Japan has been a case study of this kind of an economic straitjacket — at least until its recent aggressive monetary easing and stimulus policies known as 'Abenomics,' which only recently lifted the Asian nation into mild inflationary territory.
Many commentators, noting a disinflationary trend — where the price level continually decelerates toward zero — have suggested that monetary authorities and economic policymakers need to maintain easy money policies to thwart this danger.
The American Enterprise Institute's John Makin has repeatedly made this case, and PIMCO bond manager Bill Gross called deflation the "whisper word" among economic policymakers at Davos.
Entering the fray with a dissenting view comes Bank of America chief economist Mickey Levy, who, writing on policy research site Vox, warns that broad assessments about deflation are misleading, and can lead to misguideded policies.

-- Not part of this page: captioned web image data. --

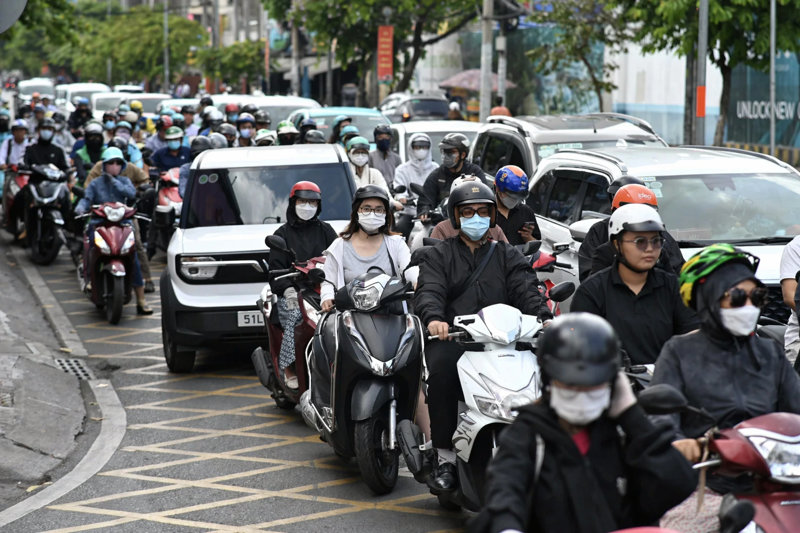 Mức phạt vi phạm vạch mắt võng theo Nghị định 168/2024/NĐ-CP dao động từ 100.000 đến 600.000 VNĐ tùy loại phương tiện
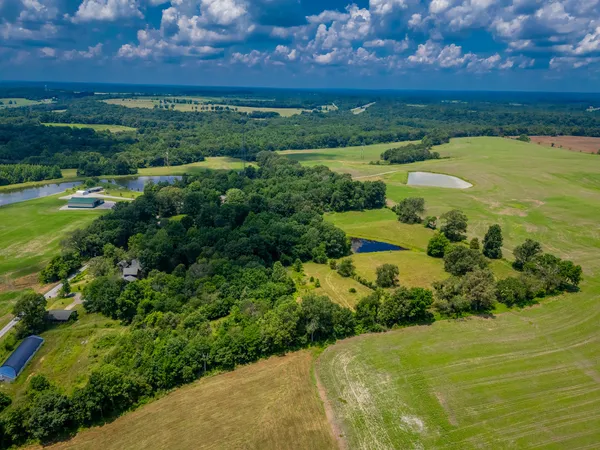 $440,000 | 690 Ganntown Lane, Grantsburg, IL 62943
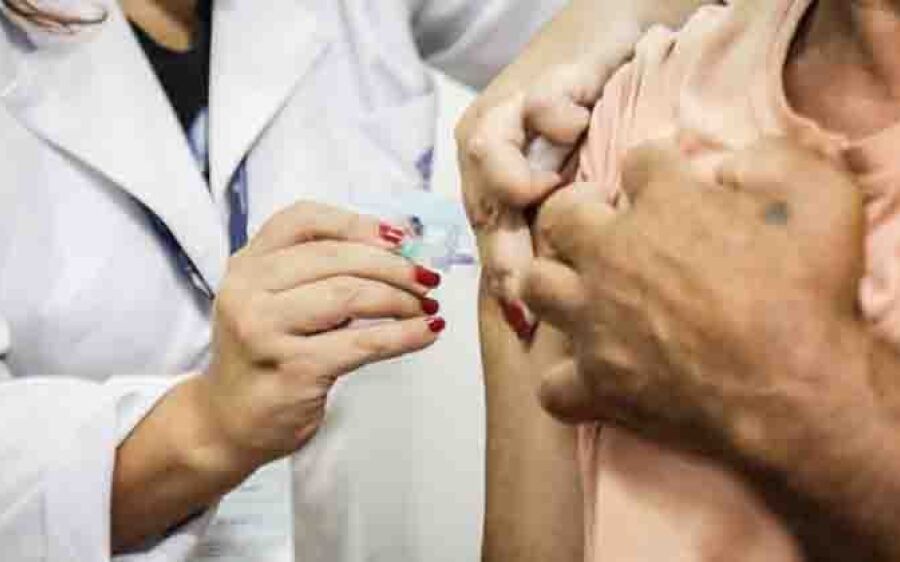 Sem novas doses, MS não tem previsão de vacinar novos grupos contra coronavírus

Levy notes the coincidence that the United States, Europe and Japan have presently converged around a very low inflation rate of around 1%, but stresses the importance of understanding just how different is the situation of these three economic powers.
All three have different stories that belie the assumption common to popular commentary that deflation is harmful and must be aggressively combated.
Yes, the U.S. has been experiencing disinflation — the core personal consumption expenditures index, for example, has fallen to 1.2% from 1.8% in the previous year.
Yet "far too little attention has been paid to the fact that the vast majority of the U.S.'s recent disinflation has resulted from technological innovations that raise economic performance and potential," Levy writes. "This is very different from disinflation/deflation associated with insufficient aggregate demand."
The Bank of America economist describes a largely positive picture of the U.S. economy, where second-half 2013 GDP grew at an annualized rate of above 5%, significantly higher than the previous year's 3.1%. Together with an improving job market and rising home prices, Levy puts the probability of deflation in the U.S. at "near zero."